Give back the full material exactly. Omit no line.

__________________________________________________

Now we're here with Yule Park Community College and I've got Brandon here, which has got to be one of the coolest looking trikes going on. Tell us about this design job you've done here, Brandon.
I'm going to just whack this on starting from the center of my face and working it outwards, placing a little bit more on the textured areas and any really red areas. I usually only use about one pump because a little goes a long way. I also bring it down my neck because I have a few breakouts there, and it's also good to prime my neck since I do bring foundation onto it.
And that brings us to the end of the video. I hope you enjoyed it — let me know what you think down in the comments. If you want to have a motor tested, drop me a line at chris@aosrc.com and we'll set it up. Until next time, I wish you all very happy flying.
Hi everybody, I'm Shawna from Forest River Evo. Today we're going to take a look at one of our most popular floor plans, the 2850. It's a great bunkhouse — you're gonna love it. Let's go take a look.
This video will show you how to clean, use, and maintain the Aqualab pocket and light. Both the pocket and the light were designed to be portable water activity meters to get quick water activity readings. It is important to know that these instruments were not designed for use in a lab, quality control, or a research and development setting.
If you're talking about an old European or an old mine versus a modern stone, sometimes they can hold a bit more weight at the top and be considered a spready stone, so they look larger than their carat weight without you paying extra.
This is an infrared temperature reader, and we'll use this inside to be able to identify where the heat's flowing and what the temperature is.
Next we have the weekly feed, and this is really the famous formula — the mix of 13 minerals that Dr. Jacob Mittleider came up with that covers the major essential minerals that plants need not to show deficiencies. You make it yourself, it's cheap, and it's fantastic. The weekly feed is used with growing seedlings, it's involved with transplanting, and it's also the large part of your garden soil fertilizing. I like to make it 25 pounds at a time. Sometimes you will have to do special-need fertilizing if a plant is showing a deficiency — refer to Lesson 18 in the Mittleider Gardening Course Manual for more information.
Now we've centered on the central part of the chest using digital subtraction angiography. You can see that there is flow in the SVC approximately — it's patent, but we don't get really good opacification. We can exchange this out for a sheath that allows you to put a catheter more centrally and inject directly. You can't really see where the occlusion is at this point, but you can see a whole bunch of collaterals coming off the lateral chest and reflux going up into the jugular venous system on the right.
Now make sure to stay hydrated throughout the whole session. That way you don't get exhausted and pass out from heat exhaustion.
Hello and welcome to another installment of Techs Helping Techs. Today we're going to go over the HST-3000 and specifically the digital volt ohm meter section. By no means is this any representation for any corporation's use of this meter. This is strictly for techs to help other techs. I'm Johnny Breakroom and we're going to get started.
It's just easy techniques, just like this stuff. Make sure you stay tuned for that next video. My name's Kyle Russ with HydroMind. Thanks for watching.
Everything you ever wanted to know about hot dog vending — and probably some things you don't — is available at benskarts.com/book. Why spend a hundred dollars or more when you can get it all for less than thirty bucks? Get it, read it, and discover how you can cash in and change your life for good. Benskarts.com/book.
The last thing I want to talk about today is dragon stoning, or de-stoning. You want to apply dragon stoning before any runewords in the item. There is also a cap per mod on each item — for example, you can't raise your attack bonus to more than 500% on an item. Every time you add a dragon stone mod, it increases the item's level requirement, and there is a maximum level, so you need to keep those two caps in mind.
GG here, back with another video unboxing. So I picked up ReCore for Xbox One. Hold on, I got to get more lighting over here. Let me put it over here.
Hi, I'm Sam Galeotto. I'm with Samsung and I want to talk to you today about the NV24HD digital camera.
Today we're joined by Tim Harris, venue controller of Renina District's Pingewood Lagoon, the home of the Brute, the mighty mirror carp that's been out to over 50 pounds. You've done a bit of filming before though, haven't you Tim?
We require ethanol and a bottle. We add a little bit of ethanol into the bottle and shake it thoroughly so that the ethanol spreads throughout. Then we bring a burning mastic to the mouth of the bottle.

__________________________________________________

Answer for the task
Now we're here with Yule Park Community College and I've got Brandon here, which has got to be one of the coolest looking trikes going on. Tell us about this design job you've done here, Brandon.
I'm going to just whack this on starting from the center of my face and working it outwards, placing a little bit more on the textured areas and any really red areas. I usually only use about one pump because a little goes a long way. I also bring it down my neck because I have a few breakouts there, and it's also good to prime my neck since I do bring foundation onto it.
And that brings us to the end of the video. I hope you enjoyed it — let me know what you think down in the comments. If you want to have a motor tested, drop me a line at chris@aosrc.com and we'll set it up. Until next time, I wish you all very happy flying.
Hi everybody, I'm Shawna from Forest River Evo. Today we're going to take a look at one of our most popular floor plans, the 2850. It's a great bunkhouse — you're gonna love it. Let's go take a look.
This video will show you how to clean, use, and maintain the Aqualab pocket and light. Both the pocket and the light were designed to be portable water activity meters to get quick water activity readings. It is important to know that these instruments were not designed for use in a lab, quality control, or a research and development setting.
If you're talking about an old European or an old mine versus a modern stone, sometimes they can hold a bit more weight at the top and be considered a spready stone, so they look larger than their carat weight without you paying extra.
This is an infrared temperature reader, and we'll use this inside to be able to identify where the heat's flowing and what the temperature is.
Next we have the weekly feed, and this is really the famous formula — the mix of 13 minerals that Dr. Jacob Mittleider came up with that covers the major essential minerals that plants need not to show deficiencies. You make it yourself, it's cheap, and it's fantastic. The weekly feed is used with growing seedlings, it's involved with transplanting, and it's also the large part of your garden soil fertilizing. I like to make it 25 pounds at a time. Sometimes you will have to do special-need fertilizing if a plant is showing a deficiency — refer to Lesson 18 in the Mittleider Gardening Course Manual for more information.
Now we've centered on the central part of the chest using digital subtraction angiography. You can see that there is flow in the SVC approximately — it's patent, but we don't get really good opacification. We can exchange this out for a sheath that allows you to put a catheter more centrally and inject directly. You can't really see where the occlusion is at this point, but you can see a whole bunch of collaterals coming off the lateral chest and reflux going up into the jugular venous system on the right.
Now make sure to stay hydrated throughout the whole session. That way you don't get exhausted and pass out from heat exhaustion.
Hello and welcome to another installment of Techs Helping Techs. Today we're going to go over the HST-3000 and specifically the digital volt ohm meter section. By no means is this any representation for any corporation's use of this meter. This is strictly for techs to help other techs. I'm Johnny Breakroom and we're going to get started.
It's just easy techniques, just like this stuff. Make sure you stay tuned for that next video. My name's Kyle Russ with HydroMind. Thanks for watching.
Everything you ever wanted to know about hot dog vending — and probably some things you don't — is available at benskarts.com/book. Why spend a hundred dollars or more when you can get it all for less than thirty bucks? Get it, read it, and discover how you can cash in and change your life for good. Benskarts.com/book.
The last thing I want to talk about today is dragon stoning, or de-stoning. You want to apply dragon stoning before any runewords in the item. There is also a cap per mod on each item — for example, you can't raise your attack bonus to more than 500% on an item. Every time you add a dragon stone mod, it increases the item's level requirement, and there is a maximum level, so you need to keep those two caps in mind.
GG here, back with another video unboxing. So I picked up ReCore for Xbox One. Hold on, I got to get more lighting over here. Let me put it over here.
Hi, I'm Sam Galeotto. I'm with Samsung and I want to talk to you today about the NV24HD digital camera.
Today we're joined by Tim Harris, venue controller of Renina District's Pingewood Lagoon, the home of the Brute, the mighty mirror carp that's been out to over 50 pounds. You've done a bit of filming before though, haven't you Tim?
We require ethanol and a bottle. We add a little bit of ethanol into the bottle and shake it thoroughly so that the ethanol spreads throughout. Then we bring a burning mastic to the mouth of the bottle.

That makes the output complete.